Our API server was a Python Tornado service, that made API calls into our Python backend tier, known as Bobtail (the frontend was Bobcat), and one of the most frequently accessed endpoint was used to retrieve user by their name or id. Because it supported retrieval by either name or id, it set default values for both parameters as empty lists. This is a super reasonable thing to do! However, Python only initializes default parameters when the function is first evaluated, which means that the same list is used for every call to the function. As a result, if you mutate those values, the mutations span across invocations.

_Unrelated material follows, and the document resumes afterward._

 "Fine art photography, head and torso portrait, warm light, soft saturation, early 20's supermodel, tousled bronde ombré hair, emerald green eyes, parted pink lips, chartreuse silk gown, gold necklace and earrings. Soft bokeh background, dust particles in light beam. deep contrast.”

In this case, user ids and names were appended to the default lists each time it was called. Over hours, those lists began to retrieve tens of thousands of users on each request, overwhelming even the memcache clusters. This took so long to catch because we returned the values as a dictionary, and the dictionary always included the necessary values, it just happened to also include tens of thousands of extraneous values too, so it never failed in an obvious way. The bug’s impact was amplified because we assumed users wouldn’t pass in duplicate ids, and would cheerfully retrieve the same id repeatedly for a single request.
We rolled out that final critical fix, and Digg V4 was fully launched. A week later our final CEO would join. A month later we’d have our third round of layoffs. A year later we would sell the company. But for that moment, we’d won.
I was about to hit my six month anniversary.
Digg V4 is sometimes referenced as an example of a catastrophic launch, with an implied lesson that we shouldn’t have launched it. At one point, I used to agree, but these days I think we made the right decision to launch. Our traffic was significantly down, we were losing a bunch of money each month, we had recently raised money and knew we couldn’t easily raise more. If we’d had the choice between launching something great and something awful, we’d have preferred to launch something great, but instead we had the choice of taking one last swing or turning in our bat quietly.
I’m glad we took the last swing; proud we survived the rough launch.
On the other hand, I’m still shocked that we were so reckless in the launch itself. I remember the meeting where we decided to go ahead with the launch, with Mike vigorously protesting. To the best of my recollection, I remained silent. I hope that I grew from the experience, because even now I’m uncertain how such a talented group put on that display of fuckery.